--- Input for this task ---

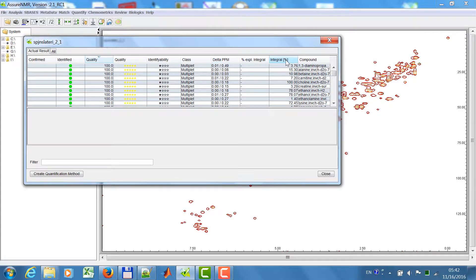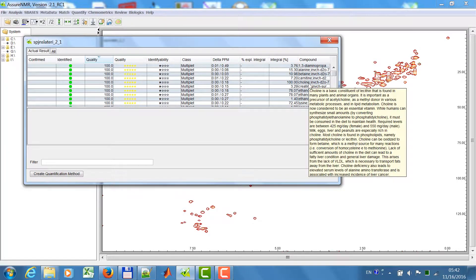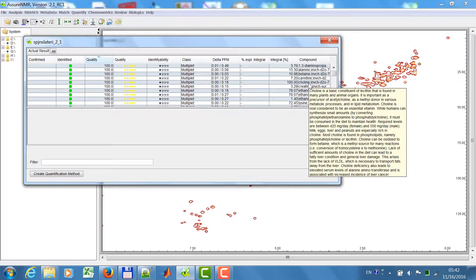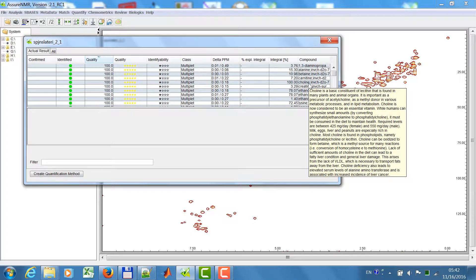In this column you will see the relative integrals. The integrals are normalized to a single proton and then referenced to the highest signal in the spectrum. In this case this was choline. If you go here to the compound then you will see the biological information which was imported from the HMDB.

---
--- Input for this task ---

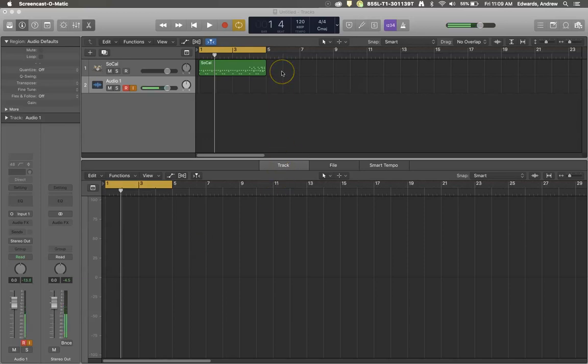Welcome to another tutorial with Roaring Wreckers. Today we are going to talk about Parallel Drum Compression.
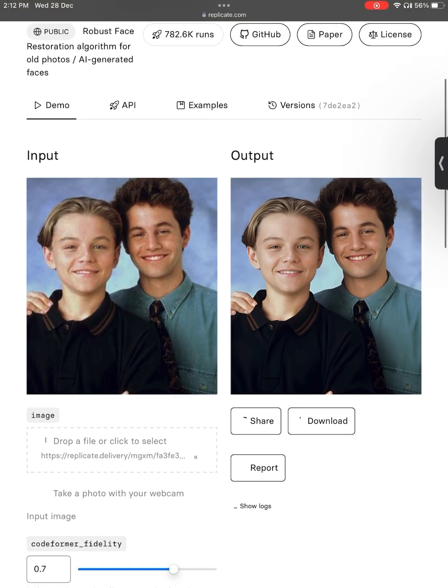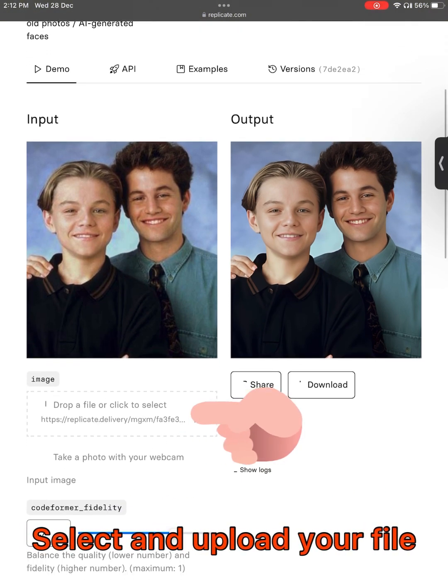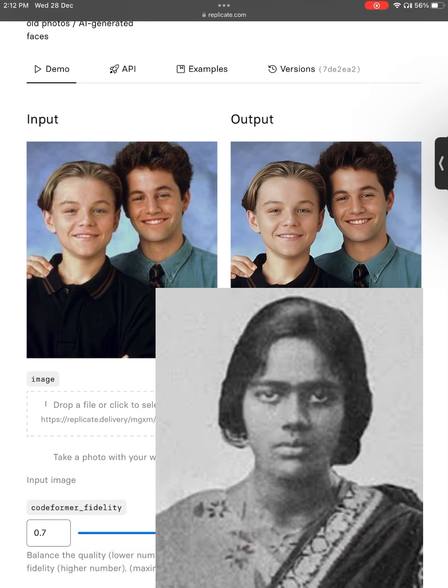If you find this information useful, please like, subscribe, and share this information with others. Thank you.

---
--- Input for this task ---

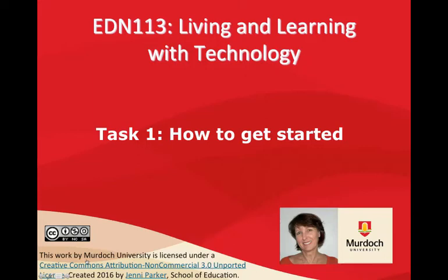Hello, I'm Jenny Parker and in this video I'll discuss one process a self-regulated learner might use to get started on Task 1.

---

▶ The problem:
Drop the pictures; return the lines above from the line containing "Welcome to another" to the line containing "If you find", both included, exactly.

▶ Response below:
Welcome to another tutorial with Roaring Wreckers. Today we are going to talk about Parallel Drum Compression.
If you find this information useful, please like, subscribe, and share this information with others. Thank you.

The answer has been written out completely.